İSTANBUL (AA) - Eşlerinden boşandıktan sonra süresiz yoksulluk nafakası ödeyerek mağdur olduklarını belirten bir grubun, sosyal medya üzerinden örgütlenerek kurduğu "Boşanmış İnsanlar ve Aile Platformu"nun üyeleri, sorunlarının giderilmesi için yasal düzenleme yapılmasını bekliyor.

Boşanmış İnsanlar ve Aile Platformu'nun kurucusu İlknur Birsel AA muhabirine yaptığı açıklamada, eşlerinden ayrıldıktan sonra "süresiz yoksulluk nafakası" adı altında eski eşlere nafaka ödeyen ve bu nedenle mağduriyet yaşayanların bir araya gelerek seslerini duyurmaya çalıştığını söyledi.
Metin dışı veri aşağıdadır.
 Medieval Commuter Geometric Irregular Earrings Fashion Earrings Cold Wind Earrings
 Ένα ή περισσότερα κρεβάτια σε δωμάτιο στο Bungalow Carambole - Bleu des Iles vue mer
Eşinden boşanan oğlunun da bu sorunla karşılaşması üzerine konuyu araştırmaya başladığını ve sosyal medya üzerinden Boşanmış İnsanlar ve Aile Platformu'nu kurduğunu ifade eden Birsel, kısa sürede 5 bine yakın üyeye ulaştıklarını anlattı.

Birsel, yaşadıkları sorunlara ilişkin ilgili kişilere mail atarak dikkatlerini çekmeye çalıştıklarını belirterek, önceki yıllarda TBMM'de bir komisyonunun kurulacağını duyunca hazırladıkları metni tüm milletvekillerine gönderdiklerini kaydetti.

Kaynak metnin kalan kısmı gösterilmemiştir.